Retype word for word the stretch of entries below from the line that has "Maison de village, Route" through the line that has "Used 2022 Hyundai", and omit the pictures.

_MATERIAL PROVIDED_:
*** Block opens ***

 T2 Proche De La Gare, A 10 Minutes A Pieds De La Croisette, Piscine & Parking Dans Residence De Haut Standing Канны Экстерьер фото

*** Block closes ***
*** Block opens ***

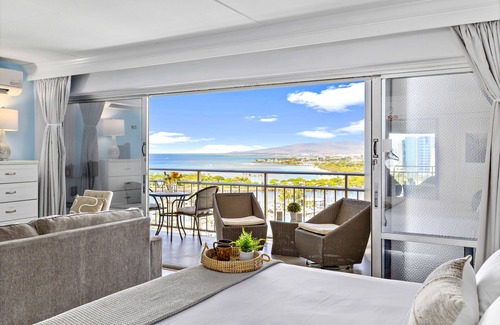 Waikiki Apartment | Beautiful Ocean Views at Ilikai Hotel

*** Block closes ***
*** Block opens ***

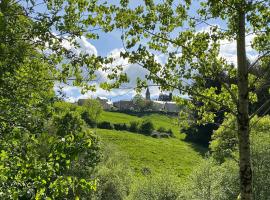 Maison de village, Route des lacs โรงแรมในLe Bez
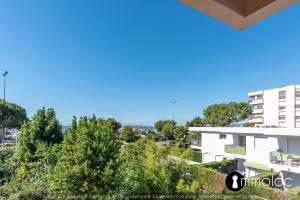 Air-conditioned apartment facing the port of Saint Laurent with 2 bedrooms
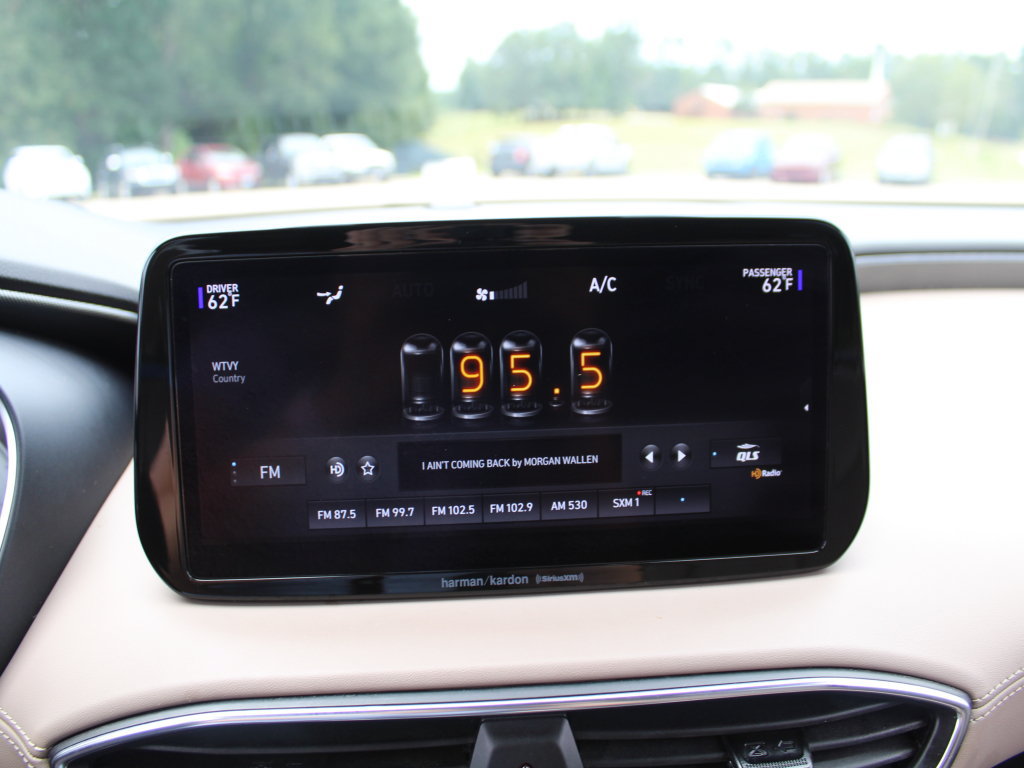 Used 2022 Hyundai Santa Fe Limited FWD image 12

*** Block closes ***

_YOUR SOLUTION_:
 Maison de village, Route des lacs โรงแรมในLe Bez
 Air-conditioned apartment facing the port of Saint Laurent with 2 bedrooms
 Used 2022 Hyundai Santa Fe Limited FWD image 12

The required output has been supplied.